If an employee is fired during pregnancy or maternity leave under the Danish Equal Treatment Act, the employer must prove that the dismissal had nothing to do with these circumstances. But what does it take for an employer to satisfy the reverse burden of proof? The Supreme Court has recently dealt with this question.
The case was about a physiotherapist who reported sick in connection with pregnancy. The physiotherapist was on sick leave until the time she went on maternity leave. Shortly after the physiotherapist returned from maternity leave, she was fired. The dismissal was justified by the fact that due to a decrease in the influx of patients, it was necessary to reduce the number of physiotherapists to ensure the continued operation of the clinic.
The employee and her trade union believed that the dismissal was contrary to the Equal Treatment Act, and therefore brought an action against the employer.
After the Eastern High Court upheld the employee’s action, the case ended in the Supreme Court.
It was agreed before the High Court and the Supreme Court that the reverse burden of proof applied, as it was clear from the evidence before the High Court that the decision to dismiss the physiotherapist had in fact been made while the physiotherapist was on maternity leave.

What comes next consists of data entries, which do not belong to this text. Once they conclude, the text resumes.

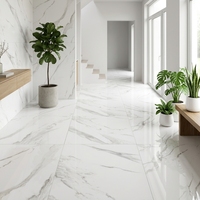Carreaux de sol en porcelaine imitation marbre blanc de Carrare, 60x60cm, 600x600x9mm, antibactériens, résistants à l'usure, échantillon gratuit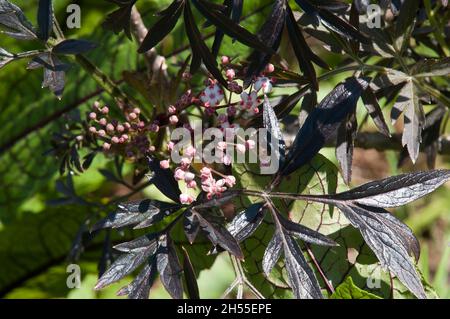 Sydney Australia, gambo con germogli e fiori rosa di un albero nero europeo di sambuco Foto Stock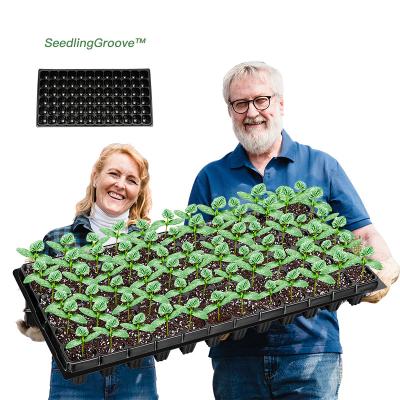 China 2022 Seed Seedling Groove 32 50 72 105 128 200 Cell Vegetable PET Seed Plant Germination Tray Garden Seedling Trays for sale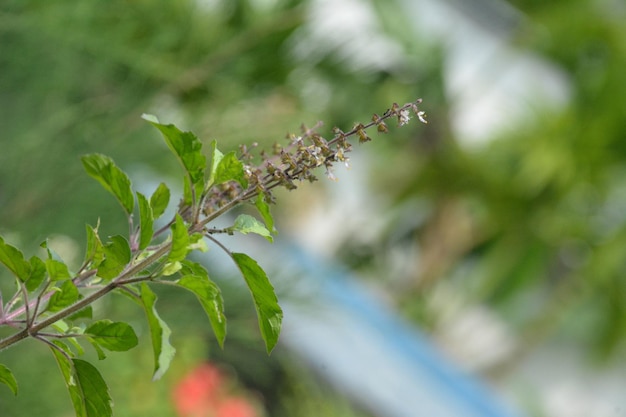 Photo tulsi tree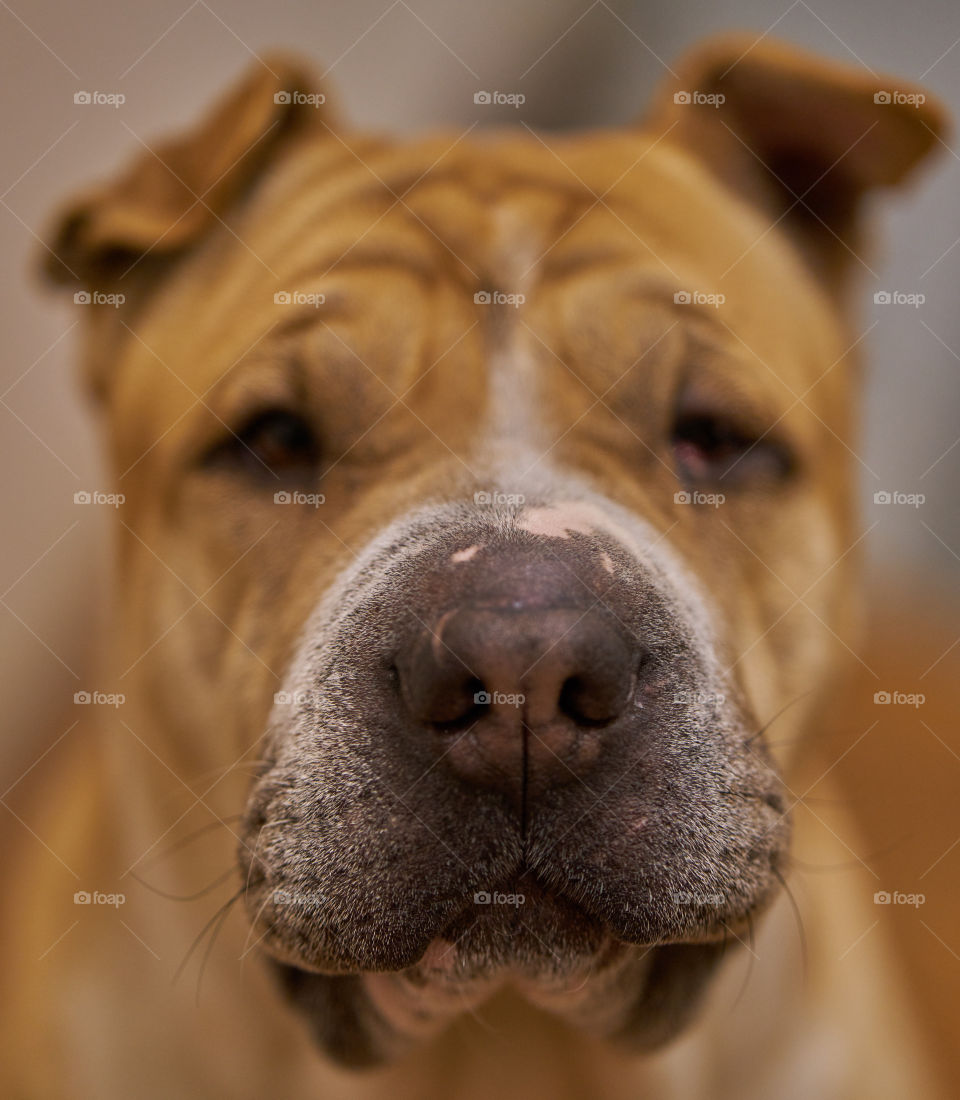 Close-up of a dog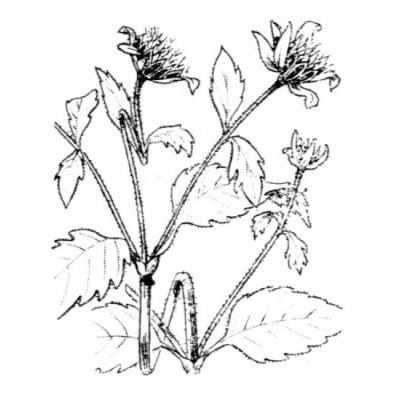 Bidens tripartita L. subsp. bullata (L.) Rouy 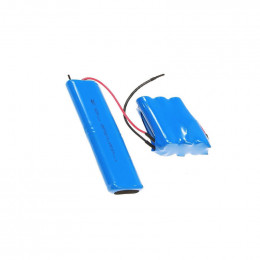 Batterie ergorapido pour aspirateur Aeg 405513230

Before the Supreme Court, the employer argued that the dismissal of the physiotherapist had taken place after a thorough assessment of the employees’ physiotherapy qualifications in relation to the clinic’s future business situation, including the tasks to be performed in the future.
The employee and her professional organisation argued that out of the four physiotherapists who could be dismissed, the dismissed physiotherapist had the second longest seniority in the clinic. In addition, her work had not given rise to criticism. Against this background, the employee believed that the employer could just as well have dismissed one of the other physiotherapists, and that the burden of proof had therefore not been satisfied.
The Supreme Court’s decision
The Supreme Court ruled that due to the decline in the number of patients, the clinic was forced to make a reduction in the number of physiotherapists.
Next, the Supreme Court ruled that there was nothing to complain about in relation to the dismissed physiotherapist’s professional or personal qualifications. In this connection, the Supreme Court stated that the fact that the physiotherapist had not been able to build up further work experience or complete further professional development during her absence due to pregnancy and maternity leave should be disregarded.
However, the Supreme Court found that in relation to work experience, further education, and other factors, the other employees in question differed significantly from the dismissed physiotherapist. On that basis (and with regard to the presentation of evidence in general), the Supreme Court found that the employer had met the burden of proving that the dismissal of the physiotherapist was neither wholly or partly motivated by her pregnancy or maternity leave.
The employer was therefore held not to have breached the Equal Treatment Act.
Norrbom Vinding notes
Moreover, there was nothing to indicate that emphasis was placed on pregnancy or maternity leave in the decision to dismiss the employee.